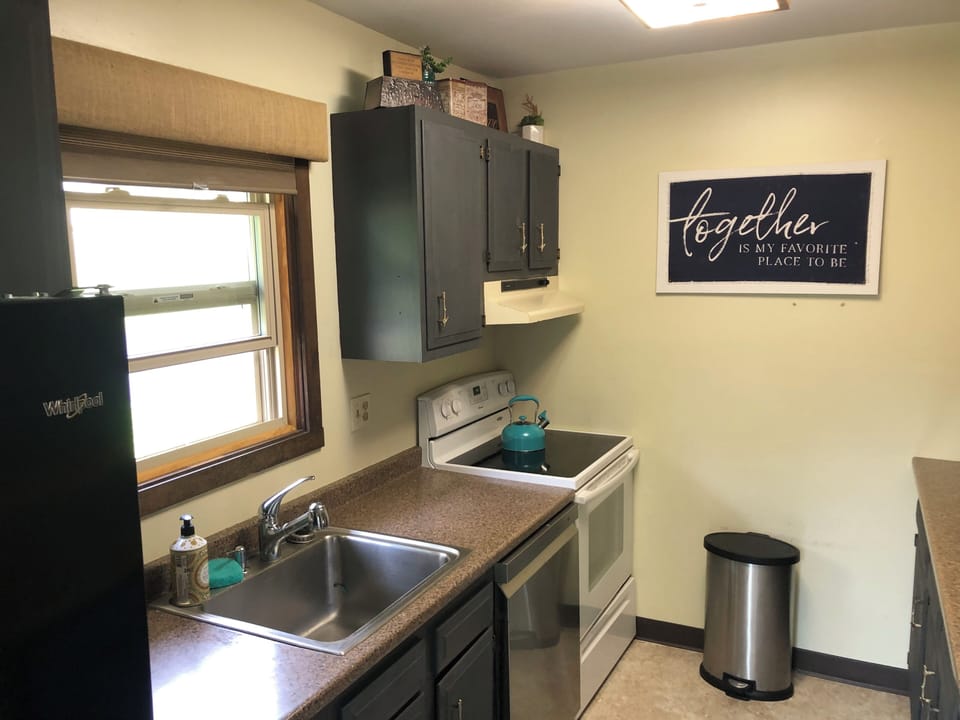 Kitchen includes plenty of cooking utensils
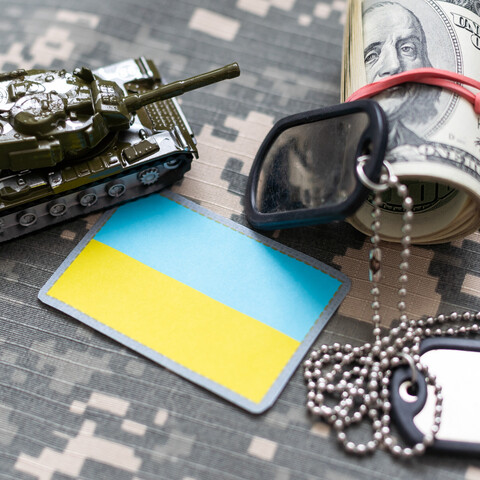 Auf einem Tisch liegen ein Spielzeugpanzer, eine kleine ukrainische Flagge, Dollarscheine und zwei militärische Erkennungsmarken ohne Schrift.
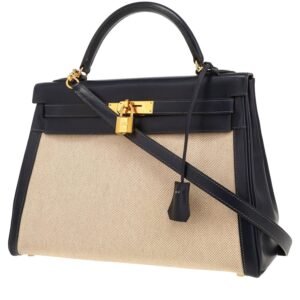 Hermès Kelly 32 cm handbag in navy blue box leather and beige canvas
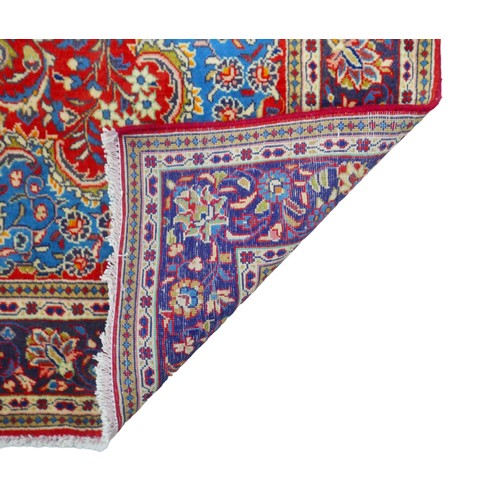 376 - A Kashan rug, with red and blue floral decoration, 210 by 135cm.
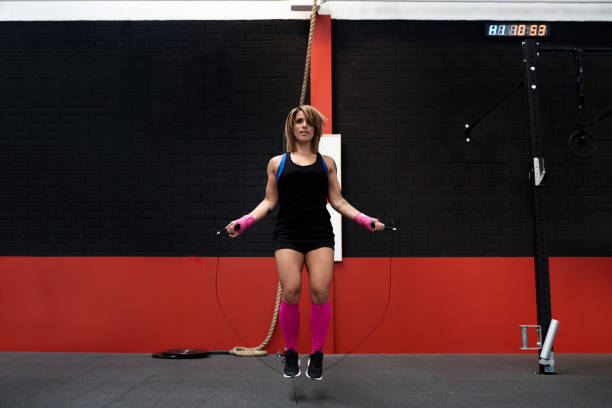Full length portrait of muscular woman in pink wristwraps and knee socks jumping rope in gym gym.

■ What is being asked ■
All lines from the one that contains "376 - A Kashan" through the last line of the data should be retyped exactly, with the pictures left out.

■ Response to the exercise ■
 376 - A Kashan rug, with red and blue floral decoration, 210 by 135cm.
Full length portrait of muscular woman in pink wristwraps and knee socks jumping rope in gym gym.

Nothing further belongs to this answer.